Work to be completed —
Before you write out the listing, remove the pictures; everything else stays exactly as it is.

Dataset extract —
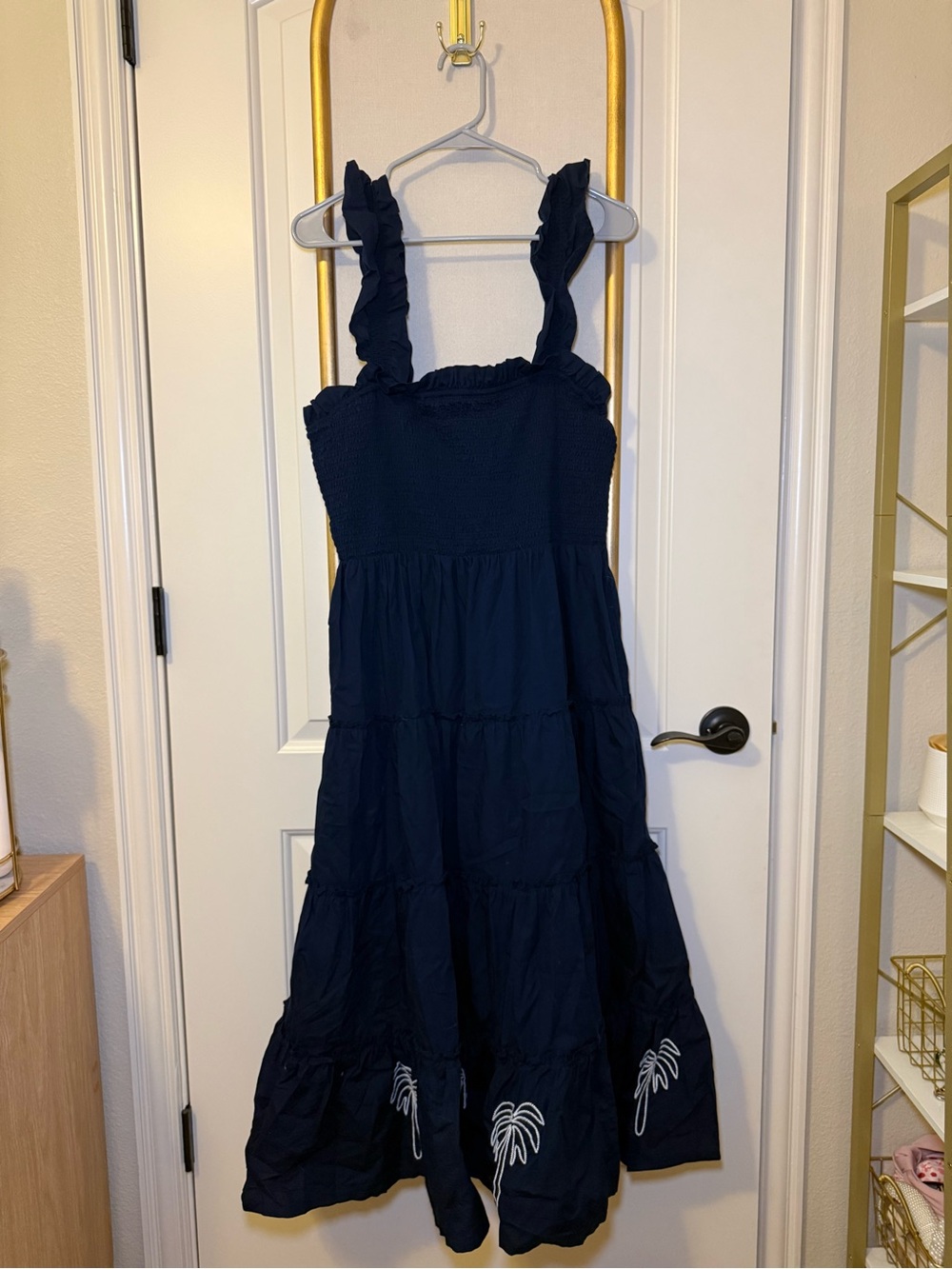 Women's Navy Ruffle Strap Tiered Dress with Palm Embroidery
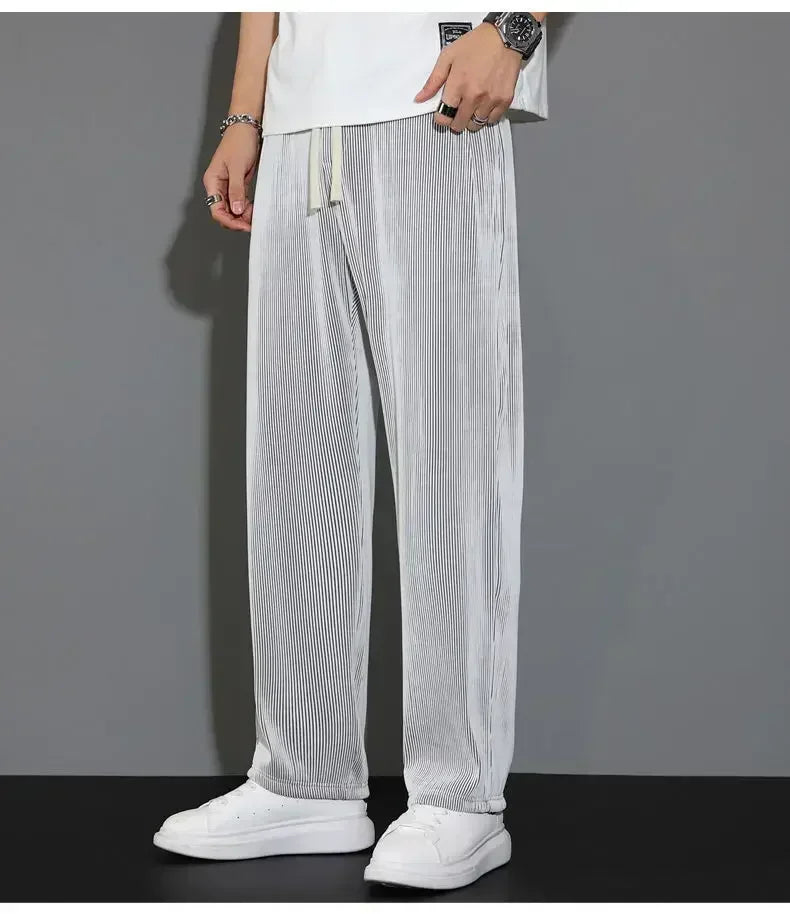 Summer Loose Ice Silk Pants Men's Drape 100KG Size Long Pants Fat Casual Sports Pants Wide Leg Straight Pants Tide Brand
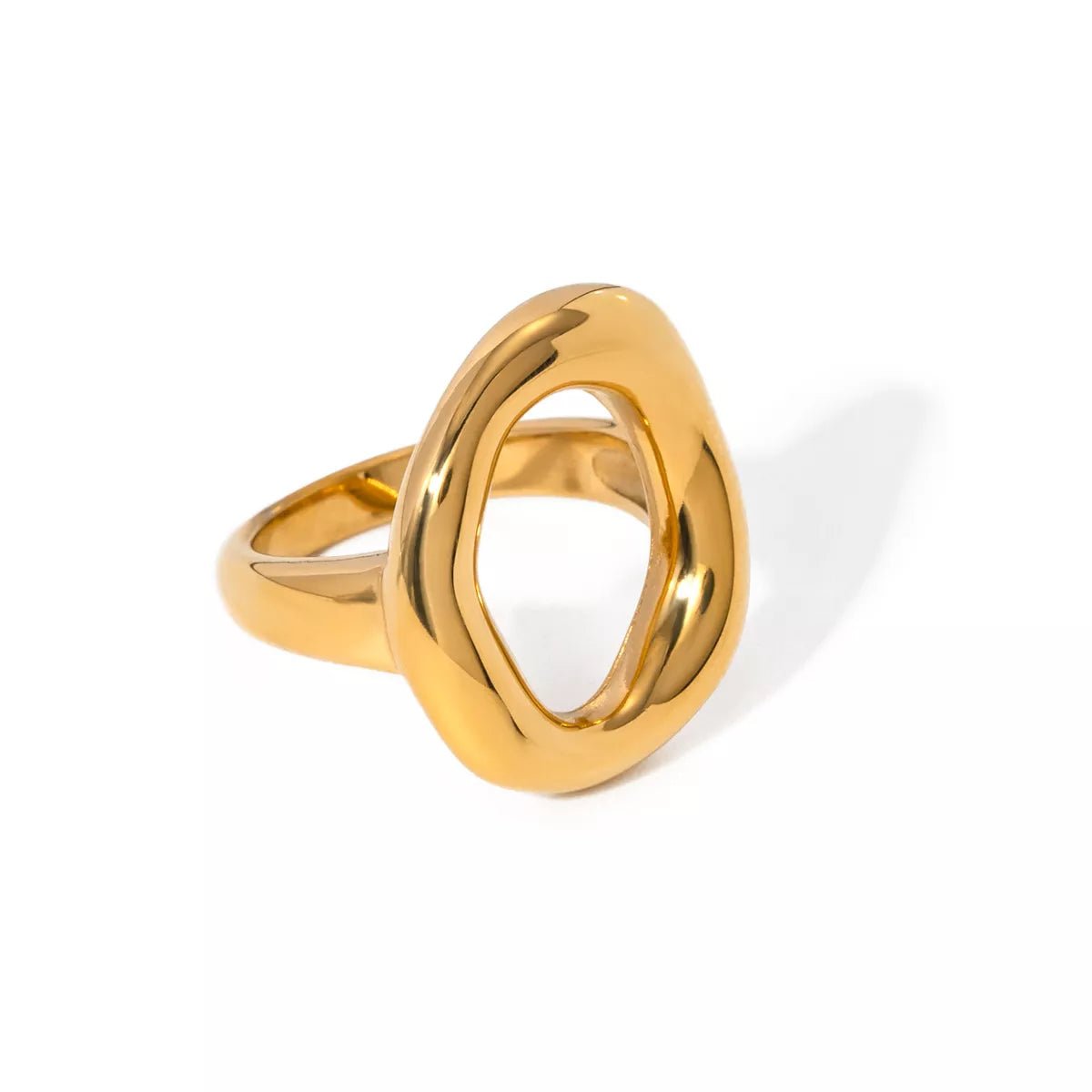 Modern Hollow Oval Ring - Gold & Silver -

Solved exercise —
 Women's Navy Ruffle Strap Tiered Dress with Palm Embroidery
 Summer Loose Ice Silk Pants Men's Drape 100KG Size Long Pants Fat Casual Sports Pants Wide Leg Straight Pants Tide Brand
 Modern Hollow Oval Ring - Gold & Silver -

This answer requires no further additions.